Psalms 35:23

Vraag om recht te doen

De vijanden zeggen in Ps 35:21 dat zij “het” hebben gezien, maar David zegt tegen de HEERE: “U hebt het gezien” (Ps 35:22). En dat is waar het om gaat. De HEERE laat niet van Zich horen, maar David weet dat Hij het heeft gezien. Hij roept Hem op Zijn zwijgen te verbreken. Hij vraagt aan de “Heere”, Adonai, niet ver van hem te blijven, waarmee hij wil zeggen dat de Heere toch dicht bij hem zal komen om hem daadwerkelijk te helpen (vgl. Ps 22:12).

David roept God op om te ontwaken (letterlijk: op te staan) en wakker te worden (Ps 35:23; vgl. Ps 44:24). Hij weet dat God alles heeft gezien. Maar omdat God niets doet, lijkt het voor David of Hij Zich slapend houdt. Het is, volgens David, de hoogste tijd dat God handelend optreedt om Zijn gezalfde koning recht te doen. Hij doet een hartstochtelijk beroep op God, Die hij “mijn God en Heere” noemt, om zijn rechtszaak te voeren. Dan kan Hij de aanklagers de mond snoeren.

Het gaat David erom dat God hem recht doet naar Zijn, dat is Gods, gerechtigheid (Ps 35:24).

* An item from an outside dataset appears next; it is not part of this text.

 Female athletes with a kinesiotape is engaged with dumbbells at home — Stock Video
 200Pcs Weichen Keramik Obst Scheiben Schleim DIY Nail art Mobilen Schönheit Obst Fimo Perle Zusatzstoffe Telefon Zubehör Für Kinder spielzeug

Alleen als God, Die hij weer nadrukkelijk aanspreekt, dit keer als “HEERE, mijn God”, hem met Zijn gerechtigheid recht doet, zal elke aanklacht definitief afgewezen worden. De aanklagers zal de aanleiding ontnomen zijn om zich over hem te verblijden. Hij zal in het gelijk gesteld worden en door God worden verlost.

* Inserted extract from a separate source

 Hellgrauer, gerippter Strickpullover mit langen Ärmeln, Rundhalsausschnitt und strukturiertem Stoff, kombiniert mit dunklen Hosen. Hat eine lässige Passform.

Ze moeten zelfs niet de innerlijke genoegdoening van zijn veroordeling krijgen en niet “in hun hart” kunnen zeggen dat ze hun zin hebben (Ps 35:25). Van hun voornemen om hem te verslinden (vgl. Kl 2:16) mag niets terechtkomen. Ze moeten afdruipen, beschaamd en allemaal rood van schaamte, al die mensen die zich over zijn onheil verblijden (Ps 35:26). God moet hen met schaamte en schande bekleden (vgl. Ps 35:4), al die mensen die zich tegen hem verheffen om hem uit de weg te ruimen.